STUDY MATERIAL ::
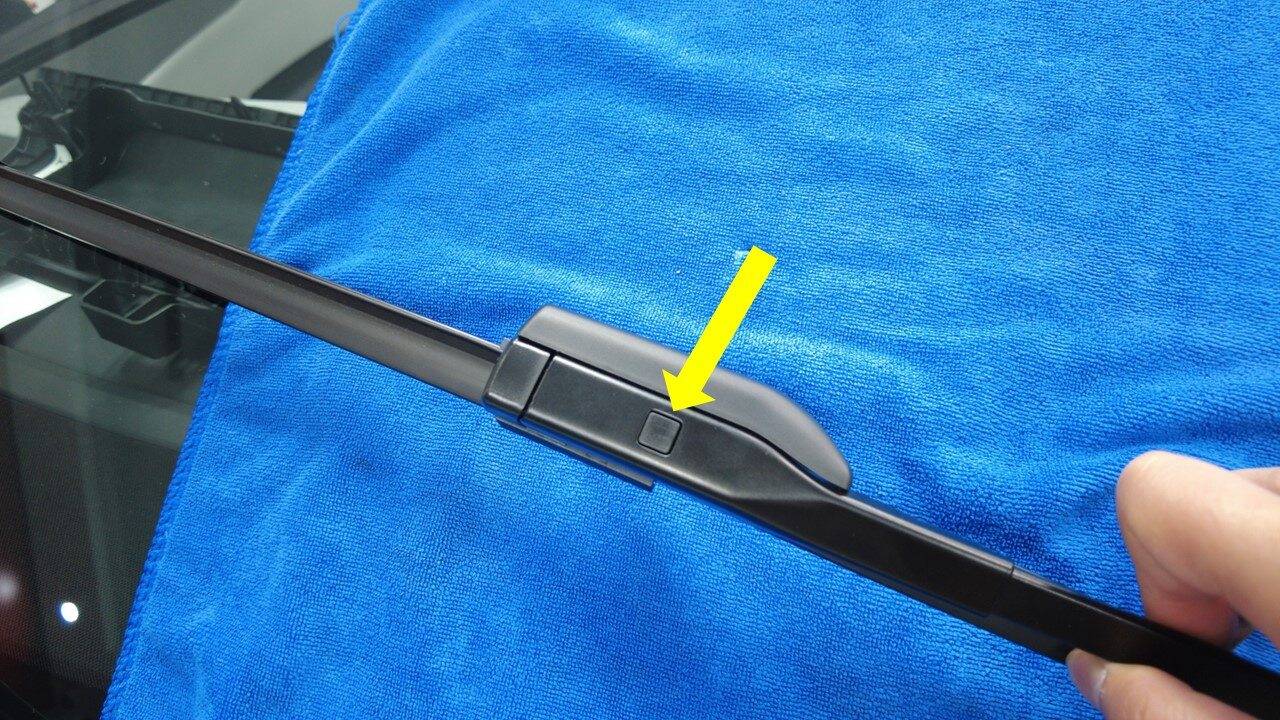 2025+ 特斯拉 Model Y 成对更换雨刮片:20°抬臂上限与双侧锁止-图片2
* * *
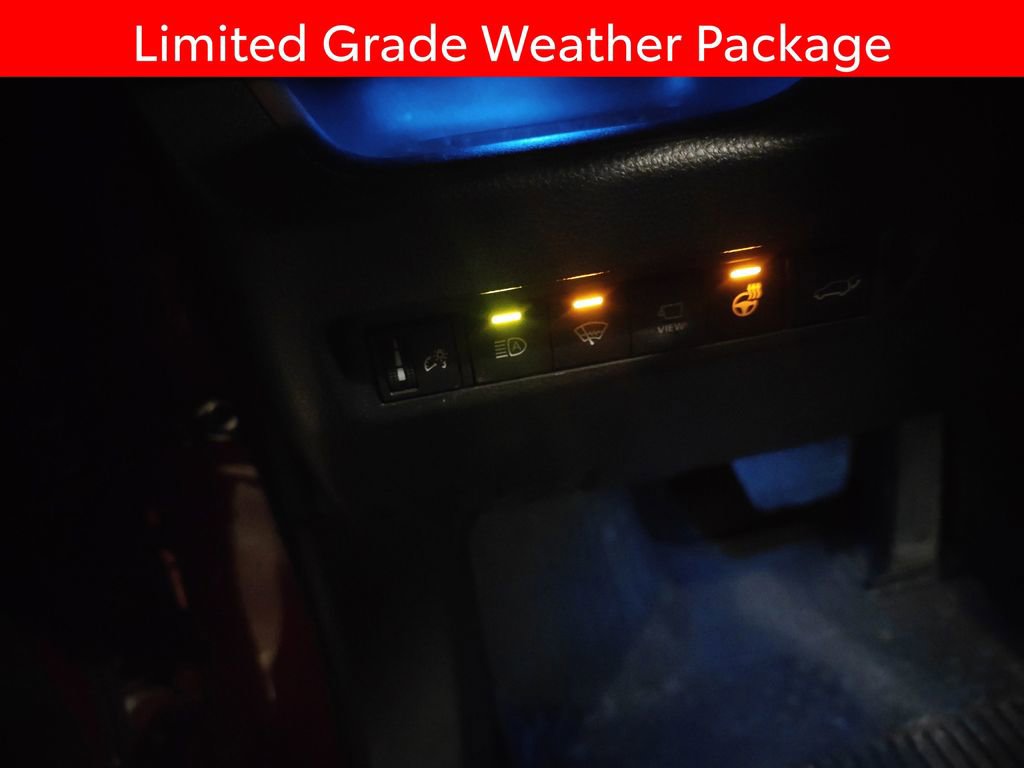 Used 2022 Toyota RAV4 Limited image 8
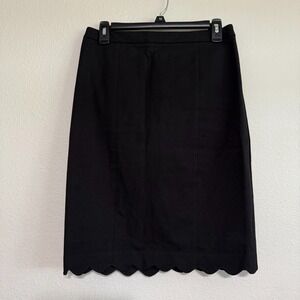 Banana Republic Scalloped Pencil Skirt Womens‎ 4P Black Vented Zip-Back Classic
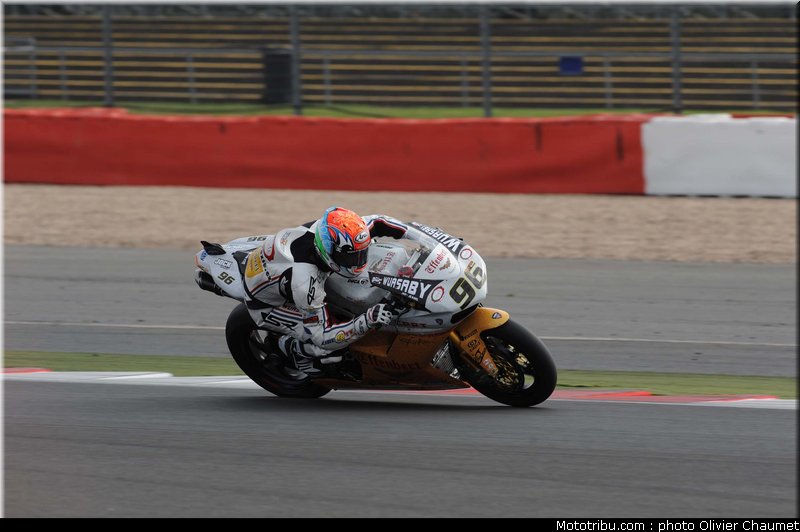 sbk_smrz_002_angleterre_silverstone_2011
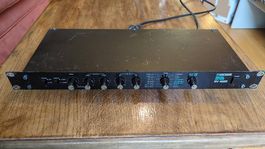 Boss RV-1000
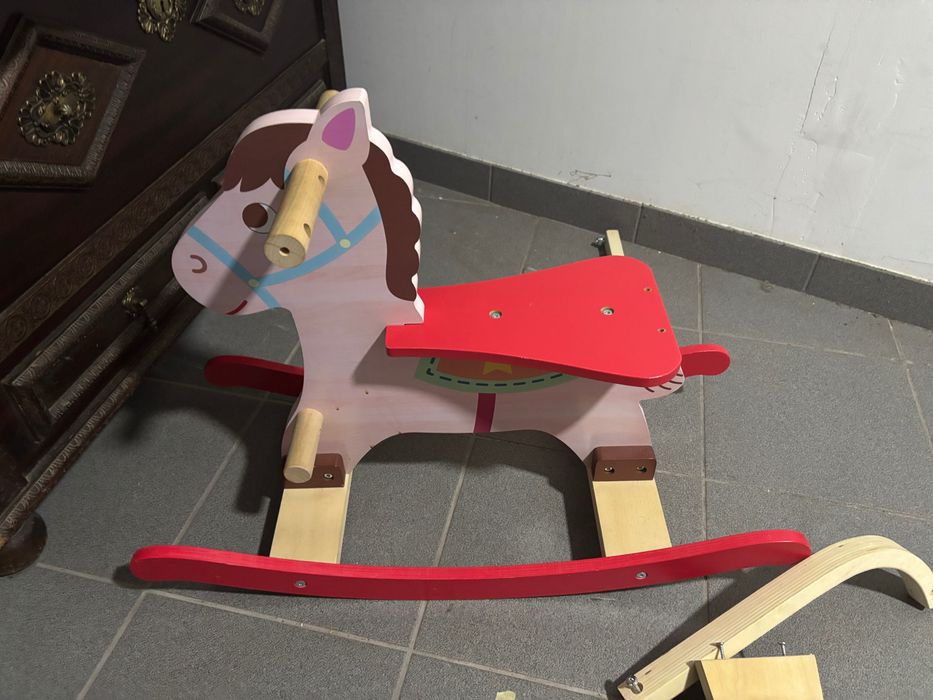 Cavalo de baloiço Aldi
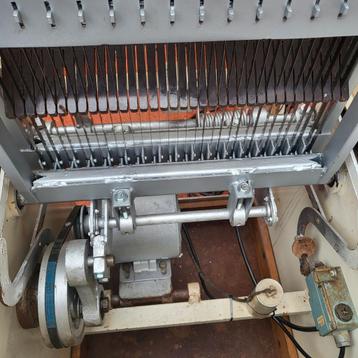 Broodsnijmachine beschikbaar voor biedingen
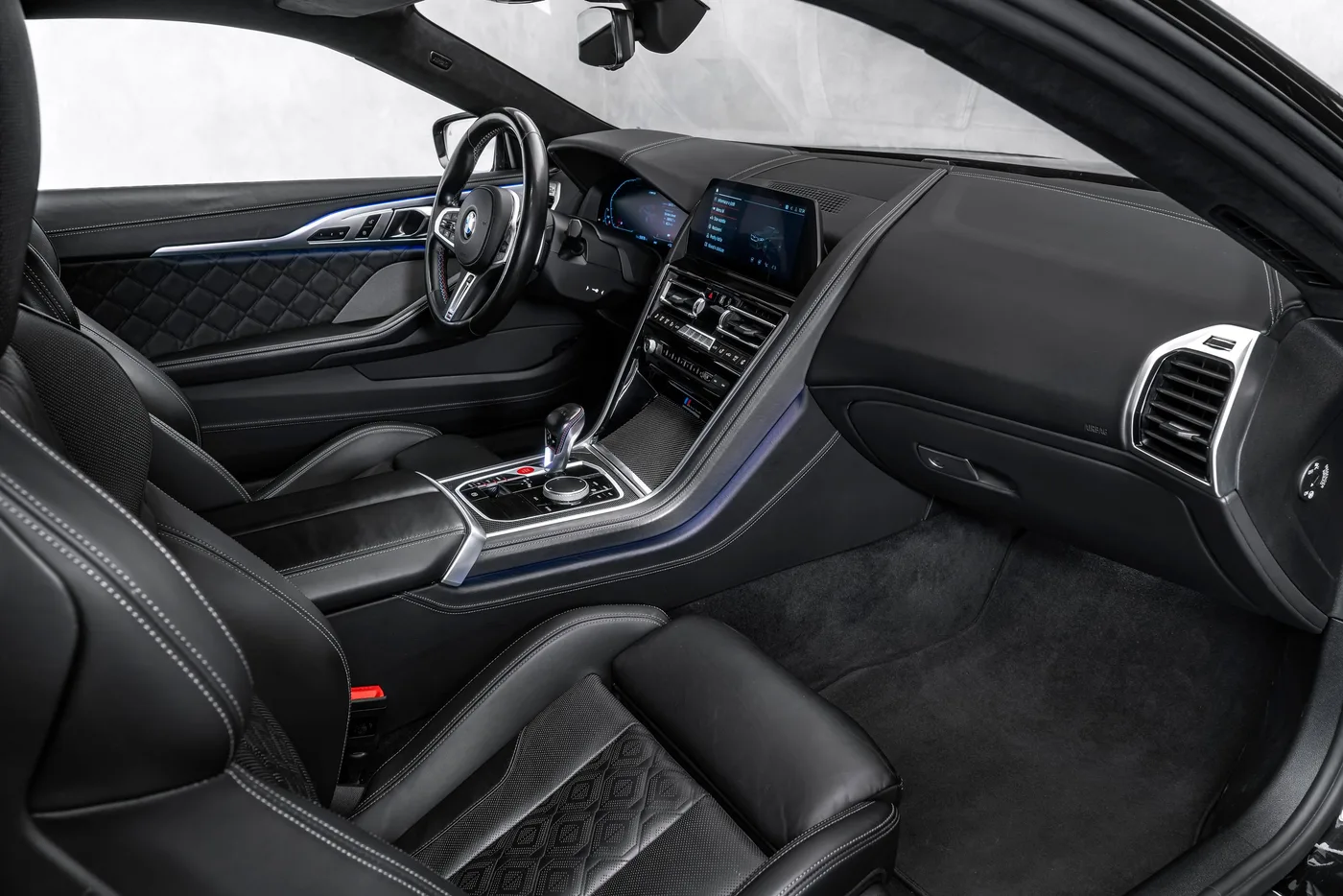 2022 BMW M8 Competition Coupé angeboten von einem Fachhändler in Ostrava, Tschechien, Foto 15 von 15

WHAT THE TASK REQUIRES ::
Precisely those lines above that run from the line with "Used 2022 Toyota RAV4 Limited image 8" up to and including the line with "2022 BMW M8" are to be set down, with the pictures omitted.

EXERCISE RESPONSE ::
 Used 2022 Toyota RAV4 Limited image 8
 Banana Republic Scalloped Pencil Skirt Womens‎ 4P Black Vented Zip-Back Classic
 sbk_smrz_002_angleterre_silverstone_2011
 Boss RV-1000
 Cavalo de baloiço Aldi
 Broodsnijmachine beschikbaar voor biedingen
 2022 BMW M8 Competition Coupé angeboten von einem Fachhändler in Ostrava, Tschechien, Foto 15 von 15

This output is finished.